Your objective ▸
Copy only what lies from the line containing "Hotel Natura Patagonia" through the line containing "Duplex Del Conquistador" in the entries below, keeping both end lines exact and dropping every picture.

Exercise materials ▸
○ ○ ○ ○
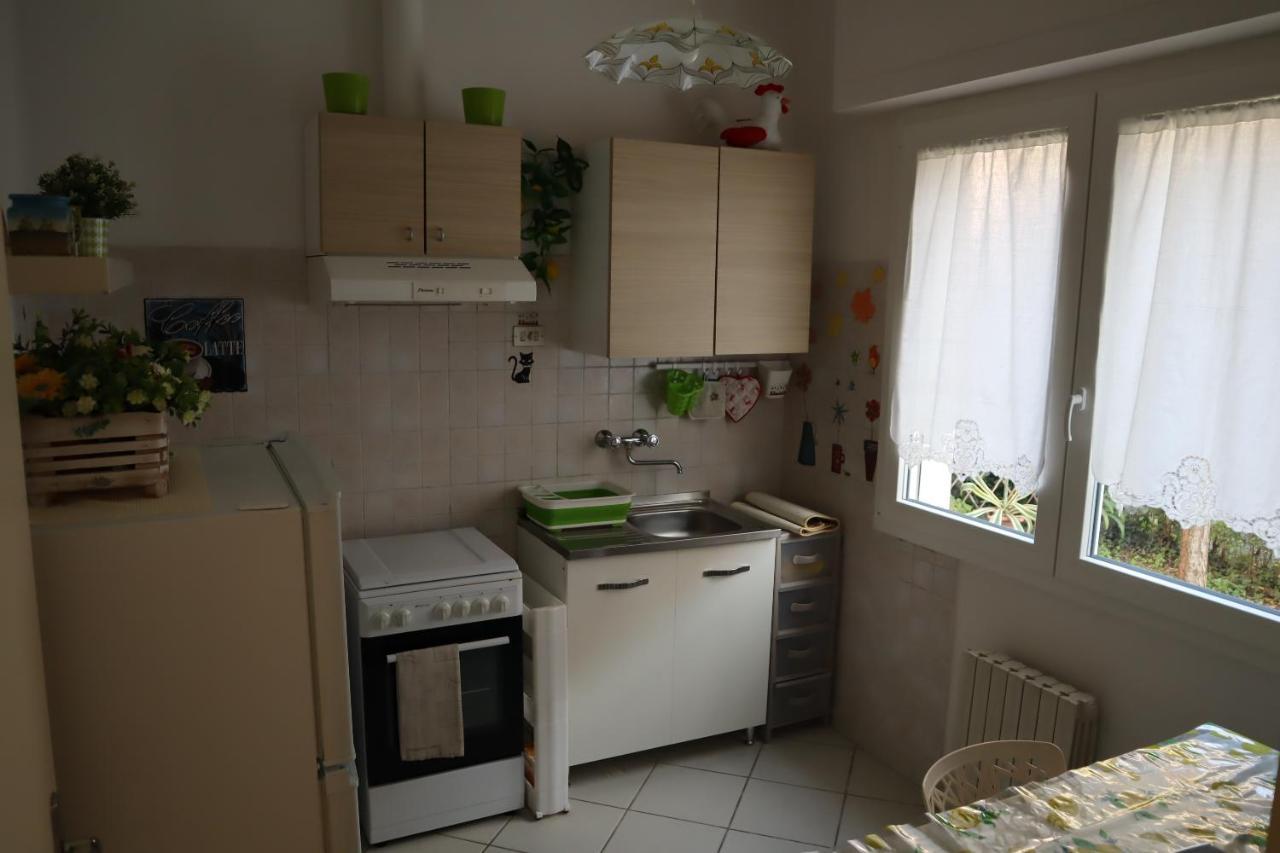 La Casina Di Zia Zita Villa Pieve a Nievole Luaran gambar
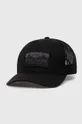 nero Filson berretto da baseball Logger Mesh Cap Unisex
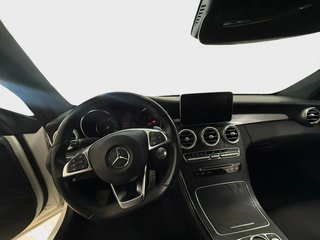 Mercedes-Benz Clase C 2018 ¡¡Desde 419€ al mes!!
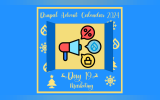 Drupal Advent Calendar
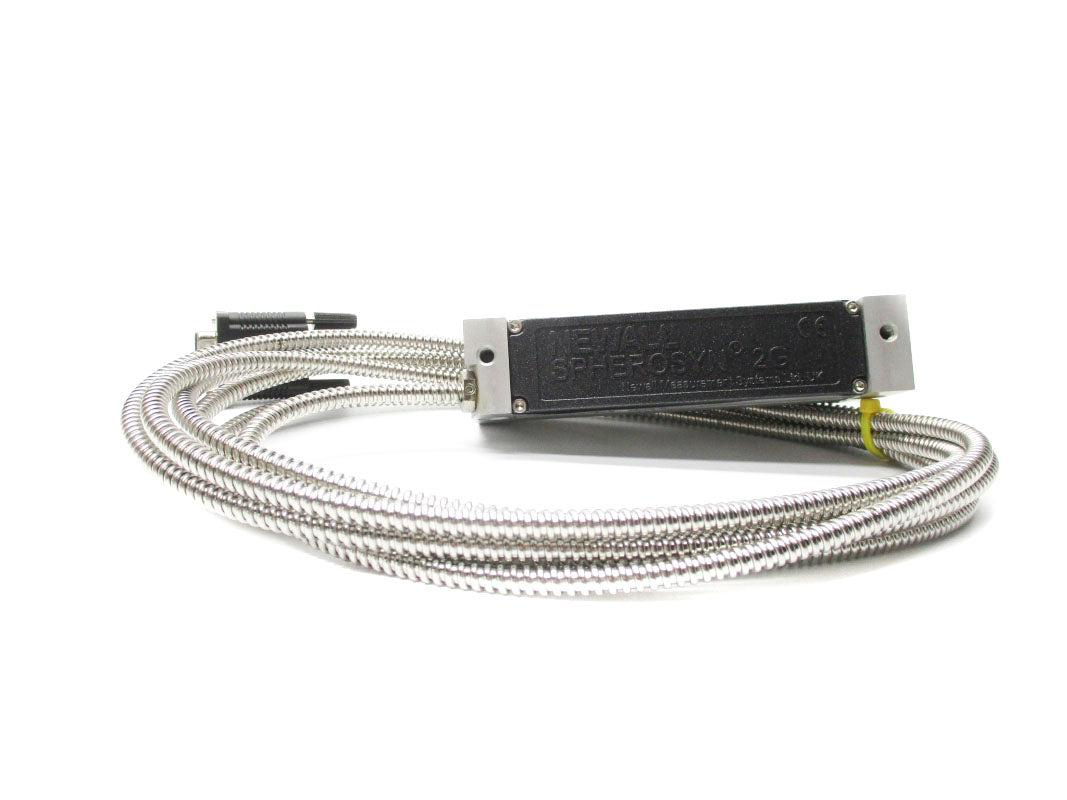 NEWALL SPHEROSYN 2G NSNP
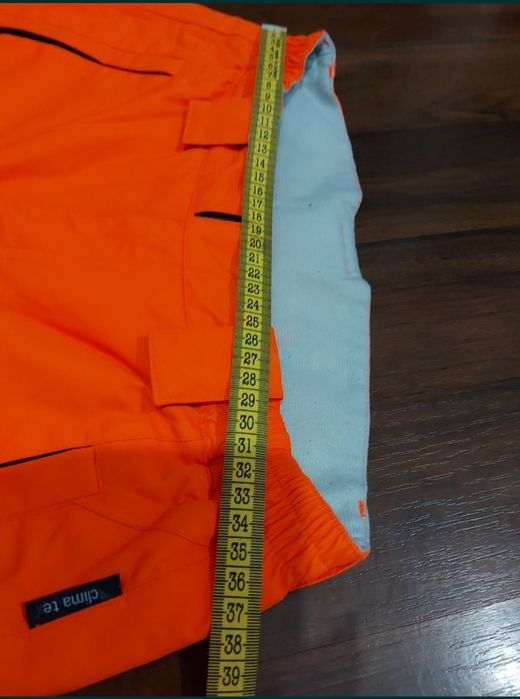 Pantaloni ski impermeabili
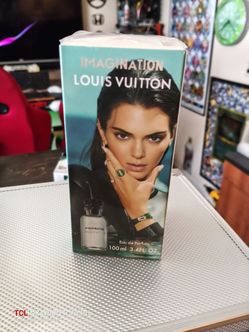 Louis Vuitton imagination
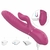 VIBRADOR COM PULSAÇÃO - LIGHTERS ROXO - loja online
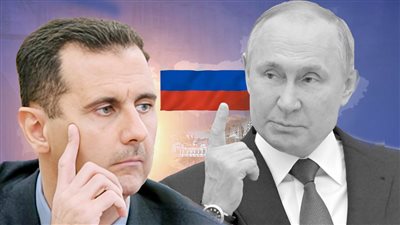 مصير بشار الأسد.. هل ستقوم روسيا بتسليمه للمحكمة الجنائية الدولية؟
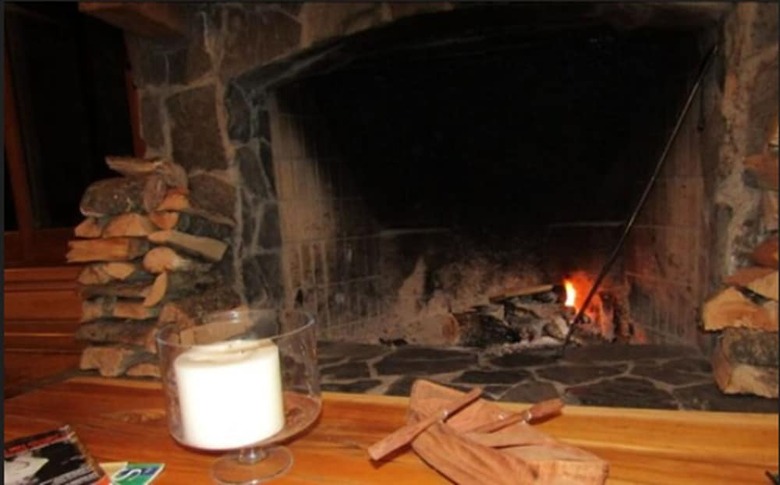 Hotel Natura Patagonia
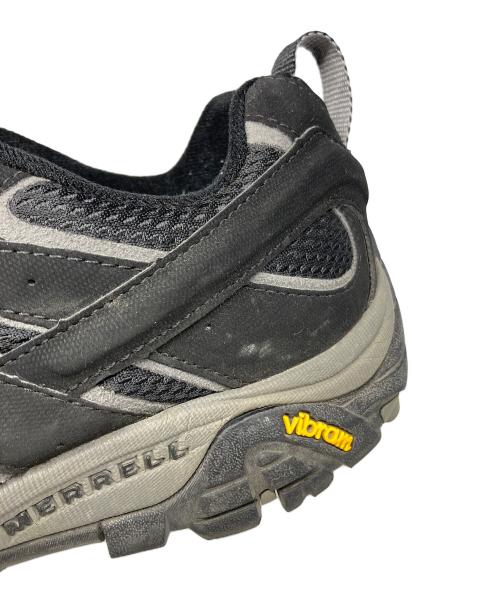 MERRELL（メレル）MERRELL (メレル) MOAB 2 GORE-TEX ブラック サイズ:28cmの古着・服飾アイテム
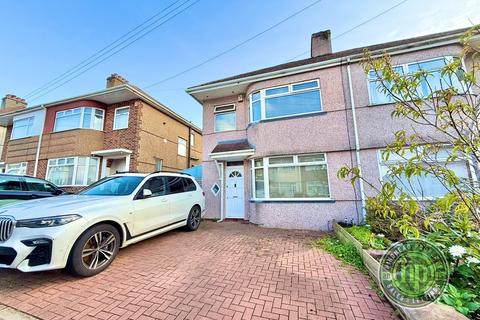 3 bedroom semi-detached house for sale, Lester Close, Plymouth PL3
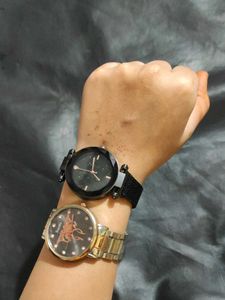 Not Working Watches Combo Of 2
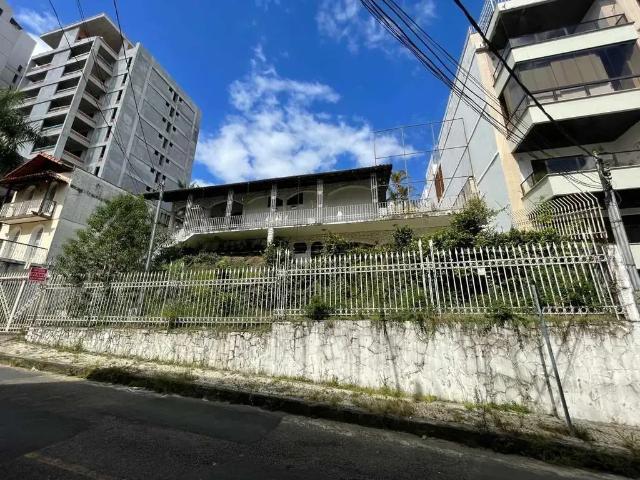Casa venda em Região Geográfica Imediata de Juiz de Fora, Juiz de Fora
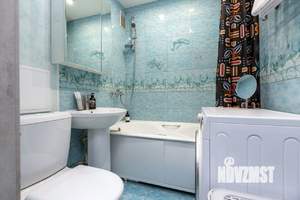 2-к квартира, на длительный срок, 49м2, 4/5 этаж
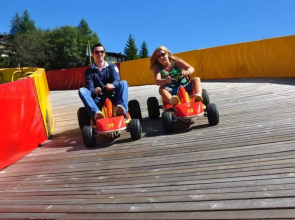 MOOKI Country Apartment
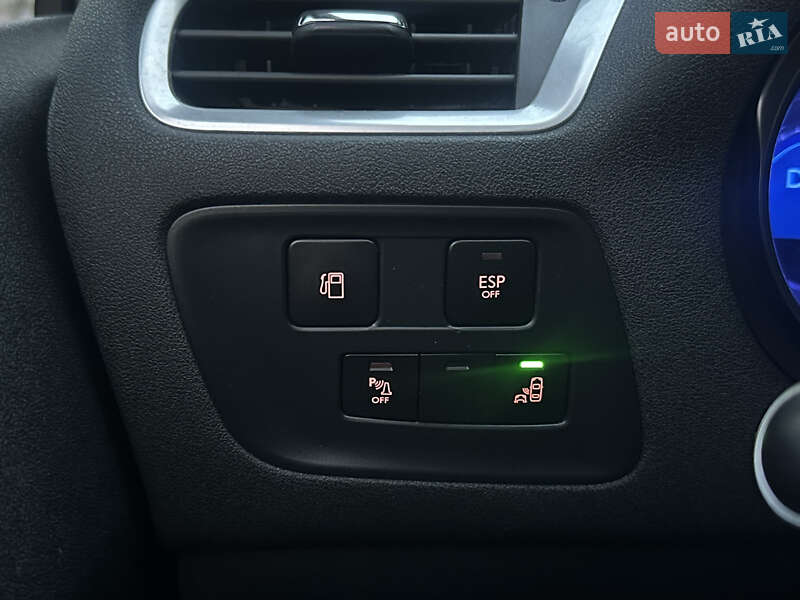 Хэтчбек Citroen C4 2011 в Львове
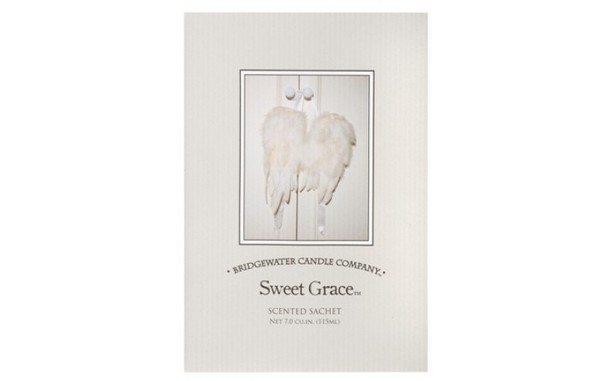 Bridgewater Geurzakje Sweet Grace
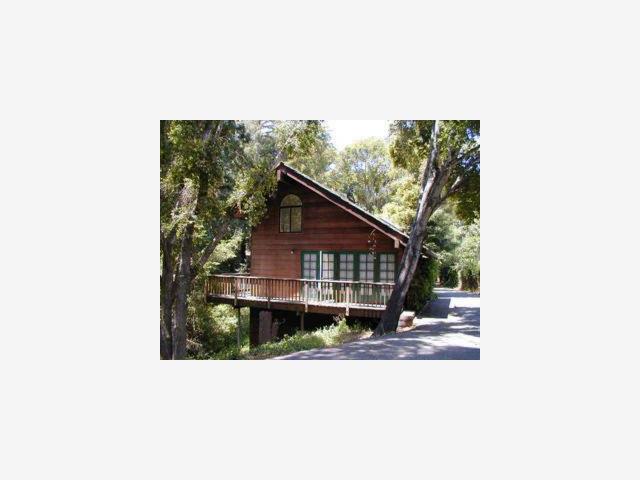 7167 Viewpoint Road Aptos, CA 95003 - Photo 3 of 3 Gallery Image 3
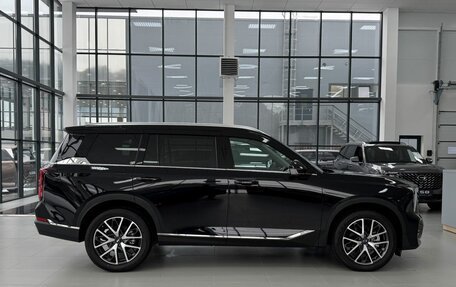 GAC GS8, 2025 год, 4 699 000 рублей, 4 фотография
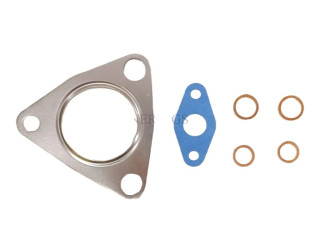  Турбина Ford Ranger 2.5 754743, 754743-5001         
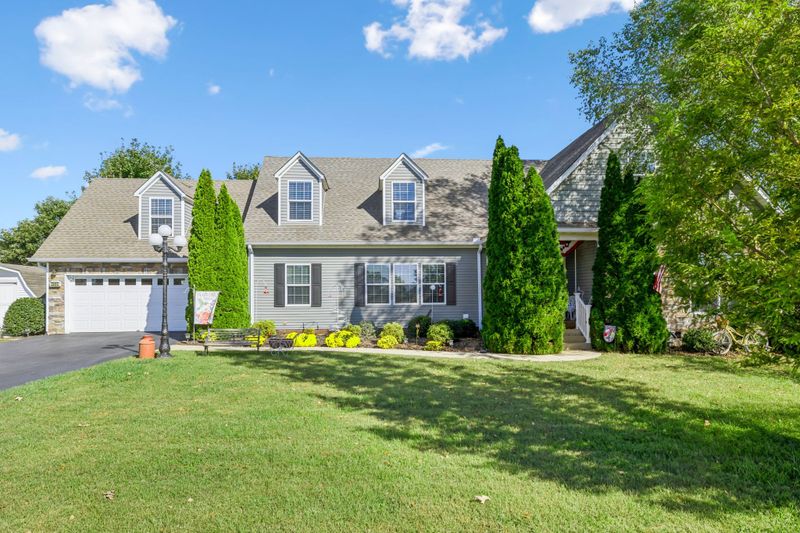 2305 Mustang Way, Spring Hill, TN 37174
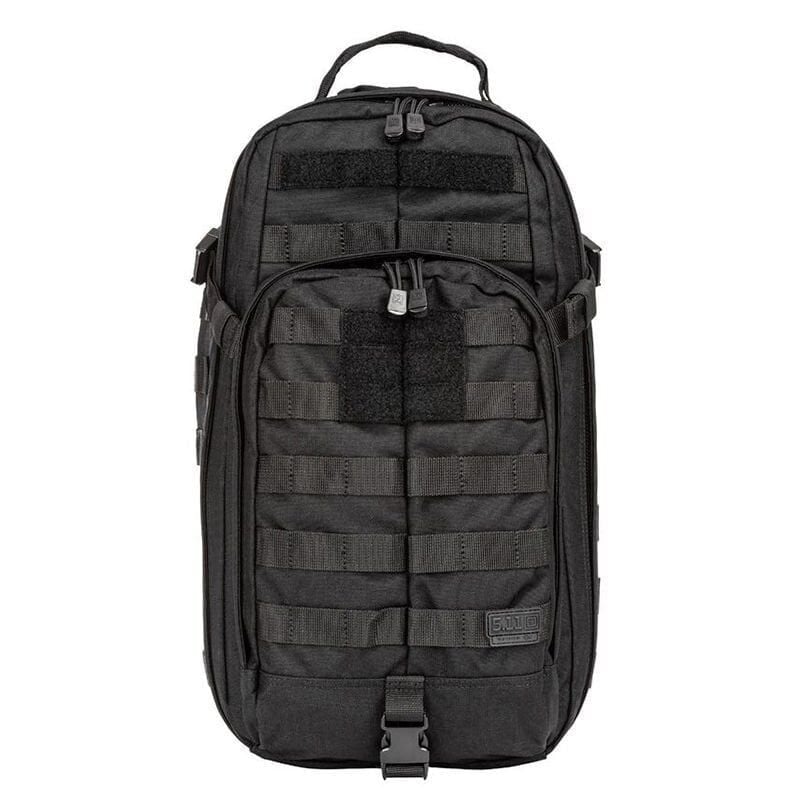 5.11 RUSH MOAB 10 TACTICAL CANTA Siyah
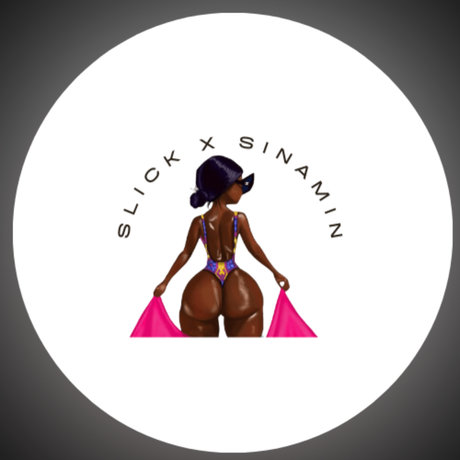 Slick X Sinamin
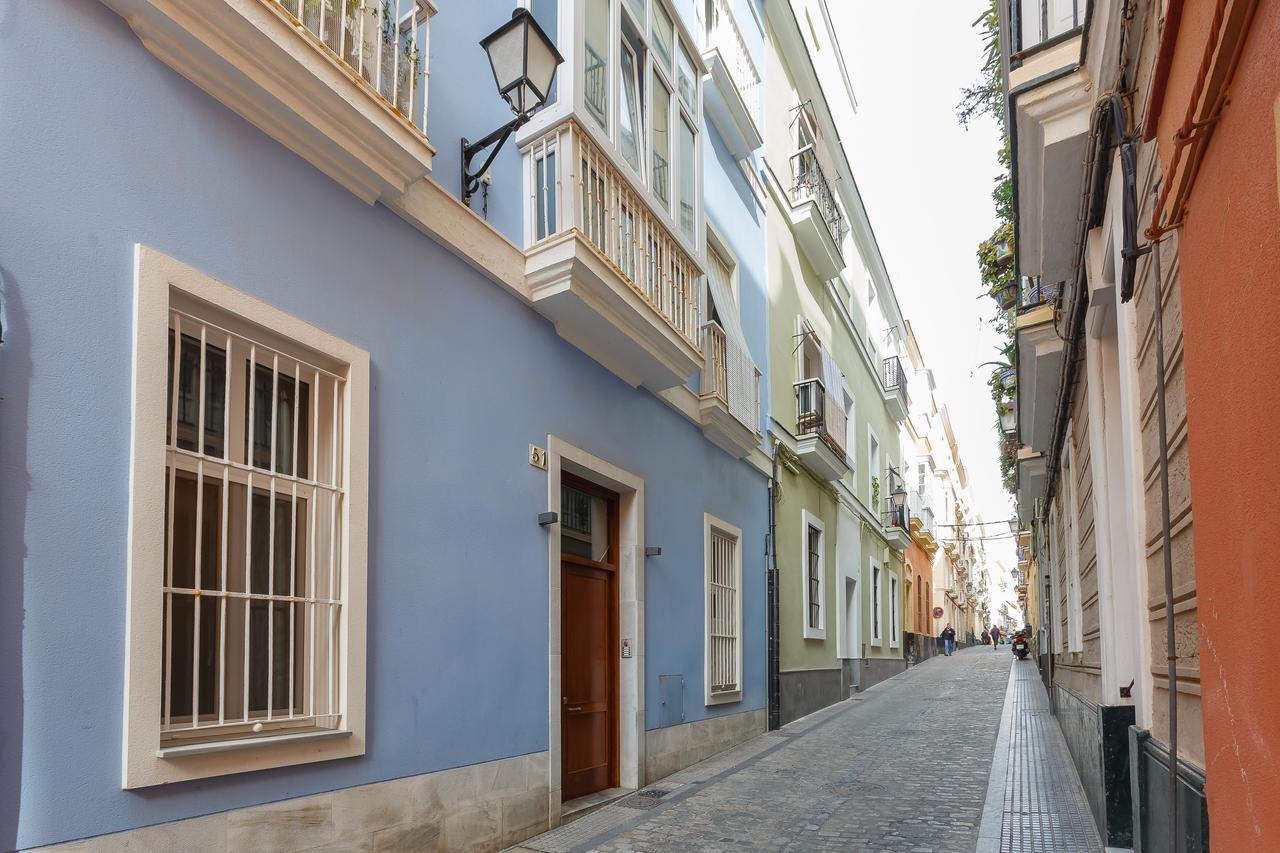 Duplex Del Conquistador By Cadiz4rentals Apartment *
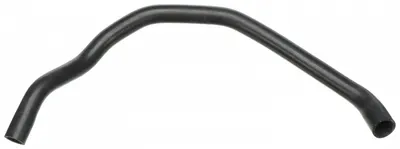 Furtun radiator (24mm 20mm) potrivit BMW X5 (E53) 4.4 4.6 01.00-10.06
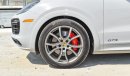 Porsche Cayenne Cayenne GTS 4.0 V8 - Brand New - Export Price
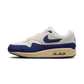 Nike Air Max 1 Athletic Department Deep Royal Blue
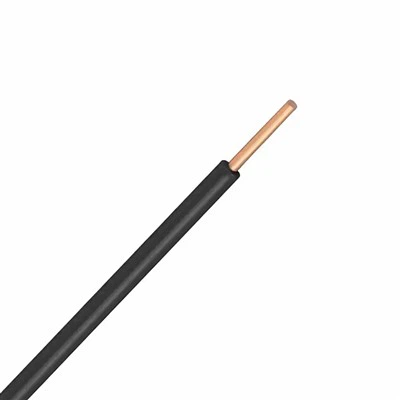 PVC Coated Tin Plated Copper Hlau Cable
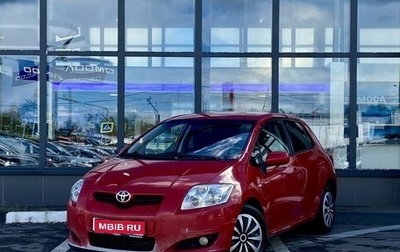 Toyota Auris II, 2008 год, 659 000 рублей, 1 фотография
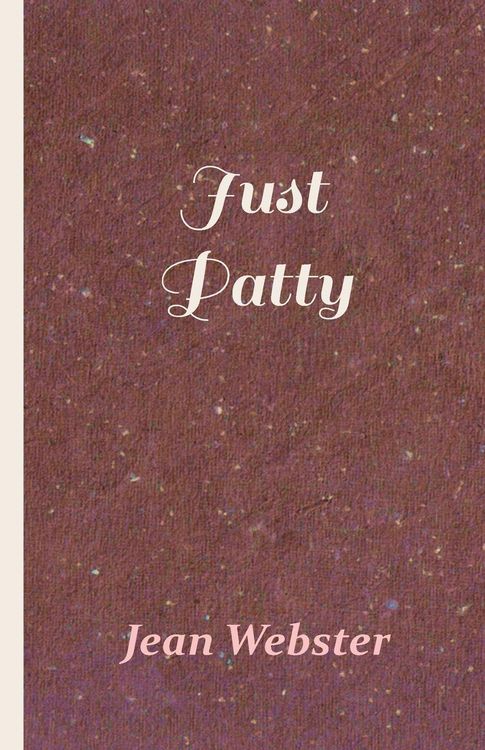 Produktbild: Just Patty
○ ○ ○ ○
Exercise answer ▸
 Hotel Natura Patagonia
 MERRELL（メレル）MERRELL (メレル) MOAB 2 GORE-TEX ブラック サイズ:28cmの古着・服飾アイテム
 3 bedroom semi-detached house for sale, Lester Close, Plymouth PL3
 Not Working Watches Combo Of 2
Casa venda em Região Geográfica Imediata de Juiz de Fora, Juiz de Fora
 2-к квартира, на длительный срок, 49м2, 4/5 этаж
 MOOKI Country Apartment
 Хэтчбек Citroen C4 2011 в Львове
 Bridgewater Geurzakje Sweet Grace
 7167 Viewpoint Road Aptos, CA 95003 - Photo 3 of 3 Gallery Image 3
 GAC GS8, 2025 год, 4 699 000 рублей, 4 фотография
  Турбина Ford Ranger 2.5 754743, 754743-5001         
 2305 Mustang Way, Spring Hill, TN 37174
 5.11 RUSH MOAB 10 TACTICAL CANTA Siyah
 Slick X Sinamin
 Duplex Del Conquistador By Cadiz4rentals Apartment *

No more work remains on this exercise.